だから、ベンは贖罪なんて考えず、そのまま自分の人生を続けていても良かったんじゃないんだろうか。でも、自分に確実に過失があったというのが良く分かっているんで、7人の他人+愛する妻の命の重みというのが心に圧し掛かってくるわけですよ。
そこで、ただ単にこの世におさらばするだけに止めず、自分の家や臓器を使った“捨て身の善行”をする事にした、というのは、大した行動力だと思うんですよね。

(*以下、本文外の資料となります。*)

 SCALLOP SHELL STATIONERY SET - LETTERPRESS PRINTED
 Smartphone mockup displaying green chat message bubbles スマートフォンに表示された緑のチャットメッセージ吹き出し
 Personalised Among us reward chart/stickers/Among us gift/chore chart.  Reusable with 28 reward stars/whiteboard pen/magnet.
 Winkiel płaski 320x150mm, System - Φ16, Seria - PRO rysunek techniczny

多分、弱い人間ほど「現世の全ての厄介事を放棄し、死の世界に逃れたい」という事を思ってしまいがちなんだと思います。そして、ベンも「罪を背負ったまま生きる」という選択が出来なかった、弱くて臆病な人だったんでしょう。
でも、ただ逃げるだけじゃなく、「報われない善人」というのを探し出して助けるという使命を科して、それをやり遂げるまでエスケープ・フロム・人生を延期するという道を選んだんですからね。私としては、むしろ尊敬に値するぐらいですよ。
もしかしたらこの映画、主人公を強い人間と見るか弱い人間と見るか、という所でも評価は分かれてくるのかもしれないですね(偽善者だからとかは関係無しに・笑)。

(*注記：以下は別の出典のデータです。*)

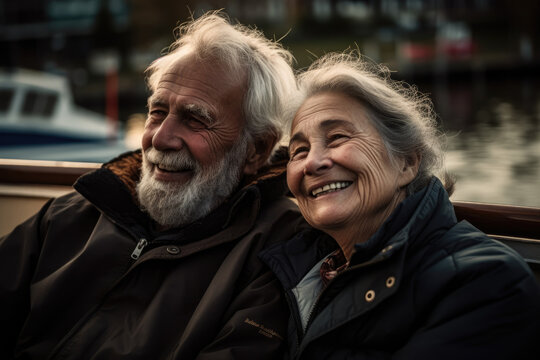 Generative AI image of portrait of smiling senior couple in warm clothes looking away while relaxing together on bench in winter daylight against blurred urban background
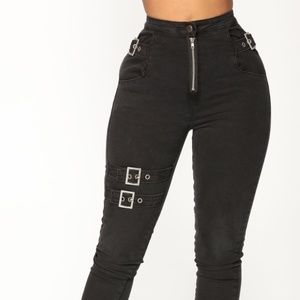 Black Skinny Jeans with Buckle Detail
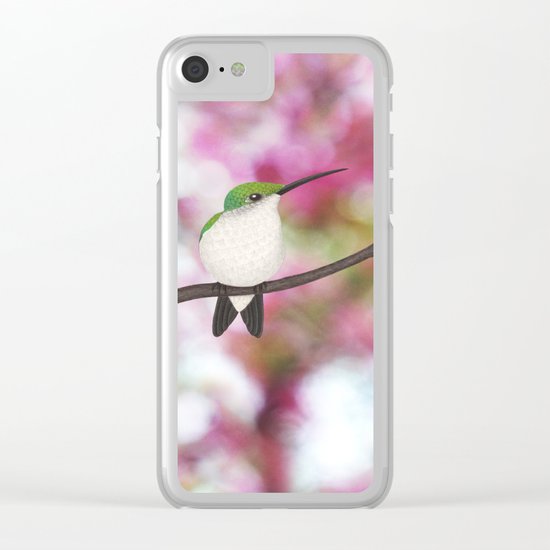 ruby throated hummingbird - female on pink bokeh Clear iPhone Case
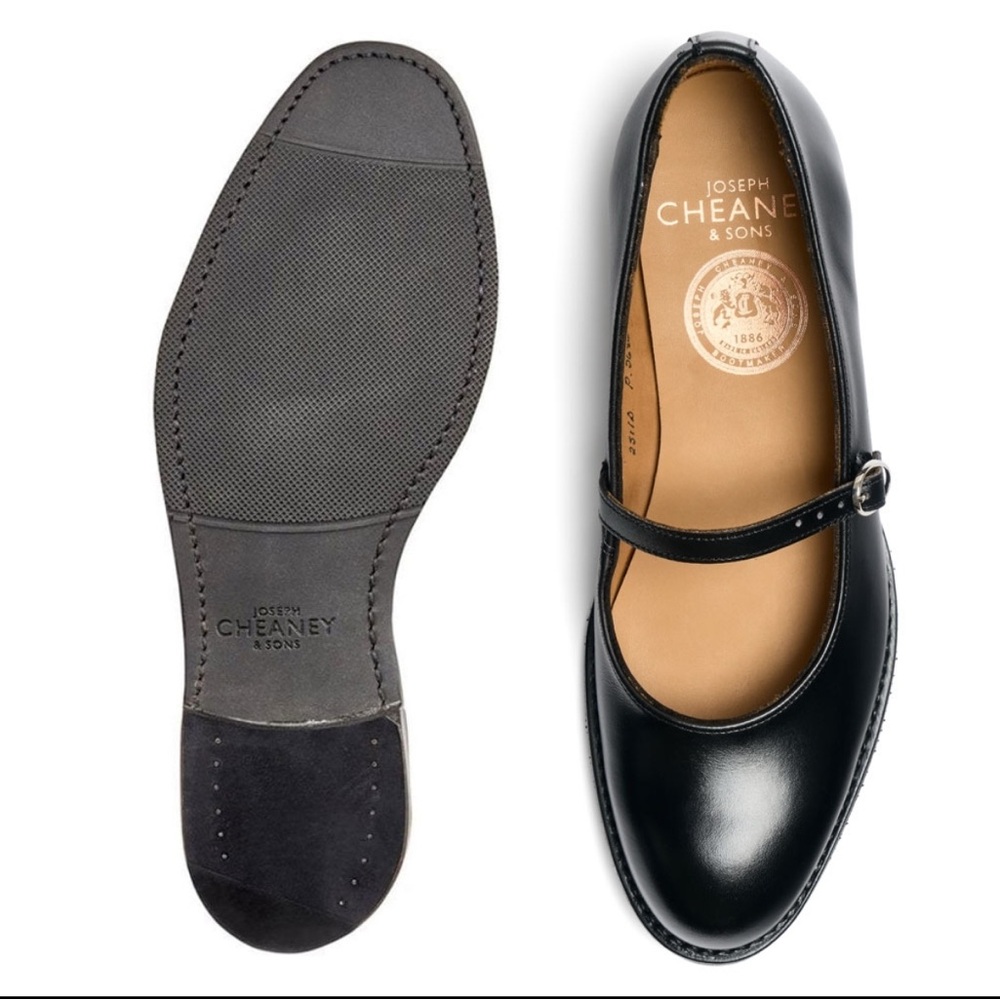 Joseph Cheaney and Sons Classic Black Mary Jane Women's Shoes - Picture 2 of 12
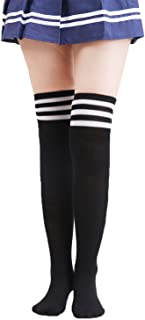 Kfnire Sobre la rodilla de algodón a rayas calcetines de la media para Mujeres Black One Size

確かに、この主人公を精神的に強い人間と思うなら、罪と正面きって向き合わない所にもどかしさを感じたり、行動が自己満足に思えるというのも理解出来るような気がします(そう思うと、何度も地球を救った男、ウィル・スミスが演じるのはミスキャストだったのかもしれないですね)。
でも、私には、「心の弱い人間が、自分の出来る中で精一杯の事をやった」と思えてしまうんですよね。かく言う私も、生まれたての子豚のごとく弱くて臆病なタイプなので、ベンが最終的に選んだ道も、人として正しい道だとは思わないですけど、理解は出来るんですよね。そして、この「心の弱さ」というのを批判して欲しくないとも思うんです。そりゃ批判する側の人達はきっと強靭な精神力を持っていて、どんな時でも、確実に人として正しい行いをする事も出来るんでしょうけどさ。それが出来ない人もいるんですよ(こんな事を言っても、負け犬の遠吠えでしかないんですけどね)。
ただ、そんな私でも、ベンの行動に一つ、合点のいかない所がありました。
それは、善行の対象が、何故事故の遺族ではないんだろう、という点です。
善行の対象が、何で全くの他人じゃないといけなかったのか、という辺りが分かると、この映画が本当は何を言いたい映画なのか、というのが見えてくるような気がするんですけどね。
いや、人の心の弱さなんて、きっとこの映画のテーマなんかじゃないですよ(爆)。上記のは私の単なる感想ですから。